Die vergangene Woche war sehr durchorganisiert, und ich habe mir immer wieder gewünscht, mehr Pausen zu haben, alles etwas langsamer angehen zu können. Gut, dass wir uns für das Wochenende eine Wanderung vorgenommen hatten! In der Umgebung von Dresden lassen sich schöne Touren unternehmen. Das Erzgebirge liebe ich wegen seiner sanften, bewaldeten Bergketten; es ist eine beruhigend wirkende, reizarme Landschaft mit vielen Aussichtspunkten, von wo aus man weit über das Land schauen kann. Ich mag es aber auch, durch Dörfer zu gehen, mir die alten Häuschen und typischen Grundstücke anzuschauen: beim Wandern sieht man einfach mehr als beim Laufen oder Radfahren. Die Vorfreude auf solche Unternehmungen ist oft so groß, dass ich in der Nacht zuvor nicht richtig schlafen kann: ich liege dann wach und würde am liebsten sofort aufbrechen. Meist siegt die Vernunft und ich drehe mich doch noch einmal um. Vorfreude und die Notwendigkeit, auszuschlafen, passen oft nicht zusammen. Gestern waren wir am Rande des Osterzgebirges unterwegs: wir wanderten von Dippoldiswalde zum Wilisch, von dort aus nach Hirschbach und nach Kreischa, von wo aus es mit dem Bus zurück nach Dresden ging. Der Wilisch ist ein richtiges Gipfelchen; die letzten Meter zur Kuppe hinauf sind recht steil. Ohne Stöcke hätte ich das noch nicht geschafft. Im Unterschied zum vergangenen Wochenende konnte ich aber schon eine gute Strecke ohne Stöcke gehen, und im Wald kam ich richtig zügig voran. Unterwegs kamen wir am Vorwerk Reinberg vorbei, einem alten, verfallenen Gutshaus, dessen Schönheit man trotz des Verfalls noch gut erkennen kann. Wenn ich so schöne alte Gebäude sehe, wünsche ich mir manchmal einen Millionengewinn, um ihren Wiederaufbau bezahlen zu können. Denke ich genauer darüber nach, komme ich aber zu dem Schluss, dass ich im Falle eines solchen Gewinnes doch nicht so idealistisch wäre.

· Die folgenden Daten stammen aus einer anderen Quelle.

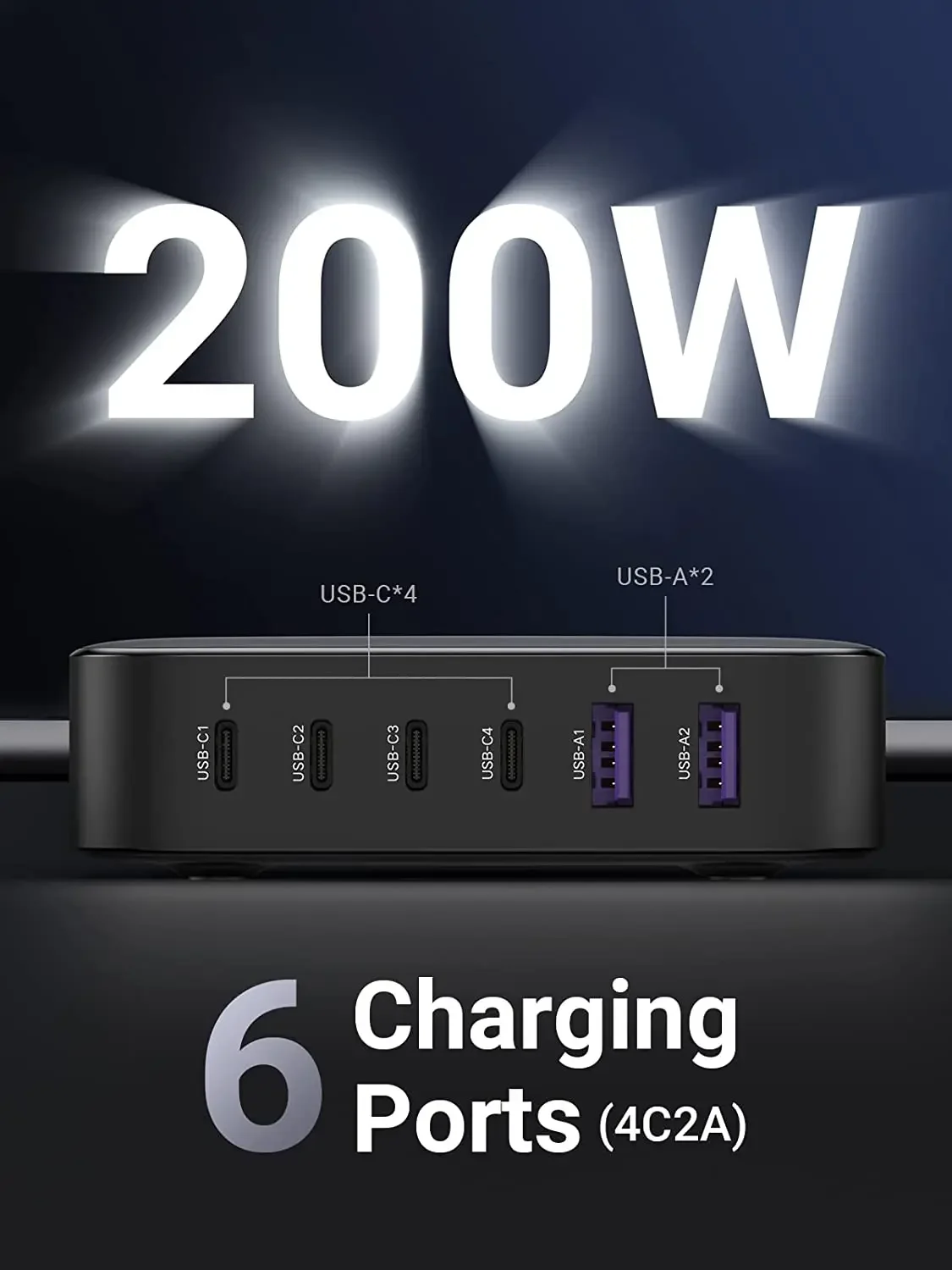 Adaptery ładowarki Ugreen 200W USB C ładowarka biurkowa Nexode 6 portów GaN PD szybka ładowarka z kablem USB C do C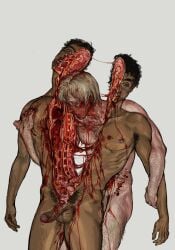 2boys atergraham bisected black_hair blonde_hair blood blood_on_face corpse cum dark_skin death erection ero_guro gore guro highres intestines male_death male_pubic_hair multiple_boys necrophilia nipple_piercing nude organs original piercing pubic_hair yaoi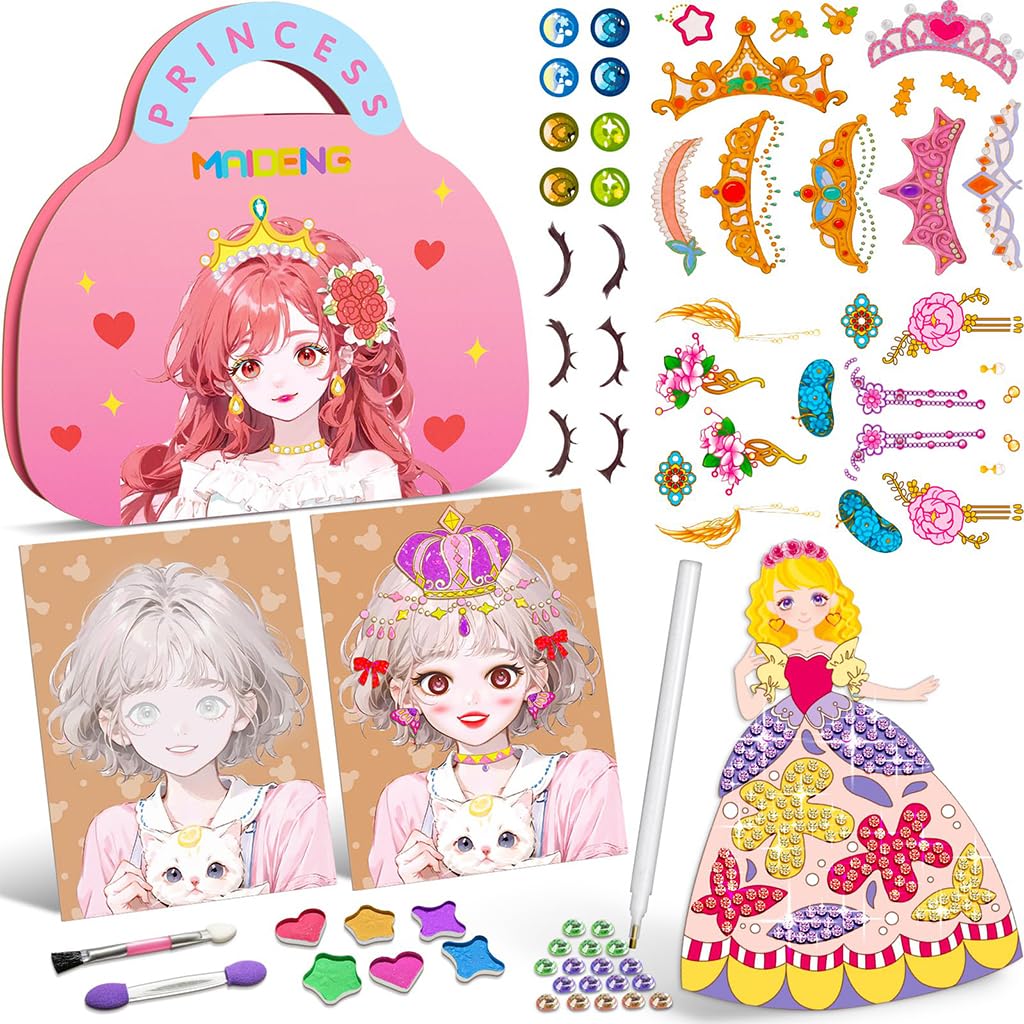PATPAT DIY Diamond Painting Art Kit for Girls with 12 Manga Princess Designs | Creative Makeup Game Book and Travel Activity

Für den kommenden Sonnabend sind hier leider Regenschauer angesagt, aber vielleicht zögert es sich mit dem Regen noch ein bisschen hin. Wir haben nämlich schon eine Idee, wohin wir gern wandern würden.
Über einen Austausch über Wanderungen hier würde ich mich freuen!











Zeitweise zählte ich Wanderungen nicht zu meinen sportlichen Aktivitäten, sondern rechnete Tage, an denen ich wandern ging, zu den Erholungstagen. Von derartiger Arroganz musste ich erst einmal geheilt werden.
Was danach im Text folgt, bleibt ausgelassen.